IN THE WEE HOURS OF THE MORNING on 15 March, as the moon set to make way for the morning sun, the air in the town of Seuria, in Kushtia district on Bangladesh’s western border, reverberated with the sound of thousands of singing voices and accompanying ektaras. Amid a haze of marijuana smoke, lakhs of Bauls and other devotees thronged the shrine of Fakir Lalon Shah, a mystic philosopher and poet revered as the founder of Baul music, for the Dol Purnima Utsab. All around, Bauls gathered in makeshift, informal circles to engage in sadhu-shongos (spiritual discourses) and try to recall some of Lalon’s forgotten songs.
Fakir Muhammad Ali Shah, the khadem (custodian) of the shrine, where Lalon lies buried, told me the twice-yearly festival “has a lot of significance in terms of our cosmology.” Besides honouring Lalon, who died in 1890, the gathering also celebrates the birth of Chaitanya Mahaprabhu, a sixteenth-century saint, since many Bauls believe Lalon was a later incarnation of this scion of the Vaishnavite movement. Little is known about Lalon’s life, though there is no shortage of legends. Shah told me that Lalon landed up in Seuria as a teenager, semi-comatose and suffering from smallpox, aboard a banana-leaf raft carried by the Kaliganga River, in 1774 (the year he is believed to have been born). He arrived between 1 and 3 Choitro on the Bengali calendar, which corresponds to the full moon in March. “Fokir Lalon, at some point, began observing these three auspicious days as his abirbhaabdibosh”—roughly, his “date of arrival.” Bauls have celebrated those days ever since.

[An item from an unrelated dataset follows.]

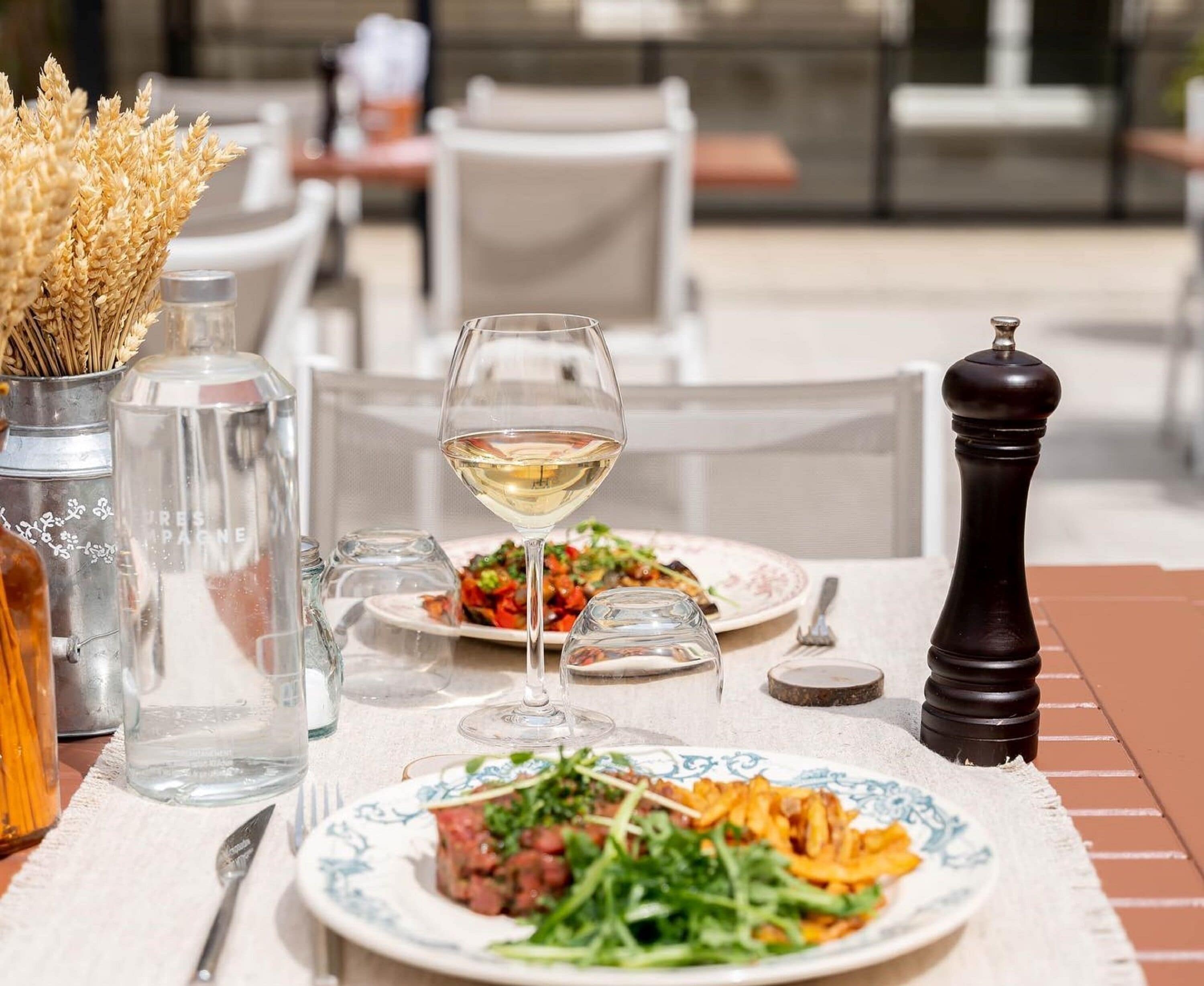 Una mesa dispuesta con platos de comida, una copa de vino blanco, saleros y pimenteros, y un florero con flores secas.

Elsewhere in the shrine, I met fifteen-year-old Jibon from Hatiya village in Sadar Upazila, around twenty-five kilometres from Seuria. Jibon is crippled and blind, and could have been mistaken for one of the thousands of ailing people who visit the shrine every year in hope of miracle cures. But Jibon, a devout Baul, had come to sing some of Lalon’s songs for the crowd. He had been waiting, as had thousands of musicians and singers from across the subcontinent, for a turn on the main stage since early in the morning on 15 March, the first day of this year’s festival. Shah estimated that around 450 performers played on the main stage over the festival’s five days—extended this year from the customary three. He also put the total number of musicians in attendance at over five thousand, with Bauls also performing constantly at more than four hundred small gatherings around the shrine, making this one of the world’s largest annual Baul gatherings.
At 3.30 am on the second day of the festival, Jibon finally got his chance. After a full day of performances, the audience initially showed little interest in the young boy on stage. But it took Jibon only a minute to get the crowd on its feet as he launched into a popular Lalon song in his unexpectedly low, gravelly voice. Admirers threw taka notes at the stage, and Jibon, with a beaming smile and a magnetic stage presence, obliged shouted demands for an encore.
I headed backstage, where Jibon was busy counting the money he had received, carefully passing his fingers over the notes, one by one. “There is something in Lalon’s songs which just draws me to them,” he said. “I feel a sense of peace and calmness whenever I sing.” His uncle, Ayub Biswas, told me Jibon was “born lame and blind and did not have any interest in singing.” The boy’s father was a marfati (an accomplished Sufi mystic) and a devotee of Lalon, and was killed soon after Jibon’s birth in a family dispute. Soon after, “the young boy astonishingly developed a deep husky voice and started singing Lalon’s songs.” Jibon quickly grew popular in and around his village, Ayub said, and people gave him money wherever he sang.
Jibon’s seemingly miraculous talent is not surprising to Bauls. Maqsoodul Haque, a popular singer and a researcher on Bauls, explained that according to their belief, a person’s soul continues to live on even after he or she leaves the “physical state.” “Since Jibon’s father was a powerful marfati saint who left his physical state in an unnatural manner,” he said, many Bauls may think “he transmitted his powers on to his son, which finds reflection through his voice and songs.”